Cuando Martín Lutero llegó a Roma, la ciudad de las siete colinas, cayó de rodillas, emocionado. Luego, levantando las manos hacia el cielo, exclamó: “Salve, Roma santa”. Quien luego se convertiría en el gran reformador hizo esto porque se prometía indulgencia a todo aquel que subiese de rodillas la “escalera de Pilato”. La tradición decía que era la misma que había pisado nuestro Salvador al bajar del tribunal romano, y que había sido llevada de Jerusalén a Roma de un modo milagroso. Sin embargo, mientras Lutero estaba subiendo devotamente aquellas gradas, recordó las palabras escritas por Pablo en Romanos 1:17: “El justo vivirá por la fe”. La frase repercutió como un trueno en su corazón.

Rápidamente se puso de pie sintiendo vergüenza. Desde entonces, vio con más claridad el engaño de confiar en las obras y los méritos humanos para la salvación y cuán indispensable es ejercer fe constante en los méritos de Cristo. Lutero se avergonzó porque habían desvirtuado totalmente el evangelio.
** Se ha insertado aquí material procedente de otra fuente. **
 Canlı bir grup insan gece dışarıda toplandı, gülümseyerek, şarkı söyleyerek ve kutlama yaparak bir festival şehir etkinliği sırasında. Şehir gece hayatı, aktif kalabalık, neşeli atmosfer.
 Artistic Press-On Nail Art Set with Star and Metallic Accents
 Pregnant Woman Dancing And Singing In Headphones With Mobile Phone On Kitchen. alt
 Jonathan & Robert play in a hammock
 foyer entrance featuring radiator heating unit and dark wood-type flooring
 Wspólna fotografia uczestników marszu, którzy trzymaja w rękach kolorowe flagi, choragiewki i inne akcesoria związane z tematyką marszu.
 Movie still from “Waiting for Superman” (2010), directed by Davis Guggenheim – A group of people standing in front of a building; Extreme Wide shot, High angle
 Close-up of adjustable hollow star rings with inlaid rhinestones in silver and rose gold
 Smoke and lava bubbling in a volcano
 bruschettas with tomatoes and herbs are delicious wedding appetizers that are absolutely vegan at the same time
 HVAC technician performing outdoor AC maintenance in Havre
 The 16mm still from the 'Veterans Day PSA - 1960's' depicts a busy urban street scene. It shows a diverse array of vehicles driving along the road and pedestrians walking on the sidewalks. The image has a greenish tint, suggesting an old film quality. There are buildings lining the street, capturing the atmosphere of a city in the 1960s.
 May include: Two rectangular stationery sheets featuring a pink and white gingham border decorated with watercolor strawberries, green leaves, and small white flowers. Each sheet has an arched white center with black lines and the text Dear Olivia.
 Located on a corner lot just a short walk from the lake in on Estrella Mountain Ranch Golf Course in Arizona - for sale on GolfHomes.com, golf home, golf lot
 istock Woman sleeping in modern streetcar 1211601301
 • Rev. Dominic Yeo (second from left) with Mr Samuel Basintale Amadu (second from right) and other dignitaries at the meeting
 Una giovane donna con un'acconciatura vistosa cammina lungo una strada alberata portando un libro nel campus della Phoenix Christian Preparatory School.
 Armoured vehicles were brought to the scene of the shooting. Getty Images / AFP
Por otro lado, Pablo dice que no se avergüenza del evangelio. Muchos judíos creían que Pablo era un traidor. Lo consideraban la escoria del mundo y el desecho de todos. Su predicación sobre la Cruz era una locura para griegos y piedra de tropiezo para judíos. Pero, para Pablo, que había experimentado las buenas nuevas en su propia vida perdonada y transformada, este evangelio era motivo de gloria.

¿Qué implica la vergüenza? Es un sentimiento de pérdida de dignidad causado por una falta cometida o por una humillación o insulto recibidos. Es un sentimiento de incomodidad producido por el temor a hacer el ridículo, es un sentimiento paralizante de la acción.

Todos se avergonzaban de la Cruz: era una locura, un ridículo, un insulto, una humillación. Ellos esperaban un Mesías libertador del yugo romano, no uno que muriera en un madero. Pablo se siente honrado por el inmerecido llamado de Dios, por eso no hacen mella en él la indiferencia, el odio, el prejuicio o el maltrato. No le importa que lo vinculen con ese impostor rechazado por los dirigentes judíos, negado por la cultura griega y crucificado bajo la ley romana. Él sabe que ese Cristo y ese evangelio transformaron su vida. Por eso, no solo no se avergüenza, sino que siente honra y de manera osada lo proclama. Pablo había sido preso en Filipos, expulsado en Berea, burlado en Atenas, considerado loco en Corinto, apedreado en Galacia y, así y todo, quería ir a predicar a Roma.

Cuando todos se burlan o niegan, no es fácil dar un paso al frente y decir “es mi Cristo” y “es mi evangelio”. ¿Cuán dispuestos estamos, así como Lutero y como Pablo, a jugarnos y comprometernos –frente a todo y frente a todos– por este evangelio que transforma nuestra vida?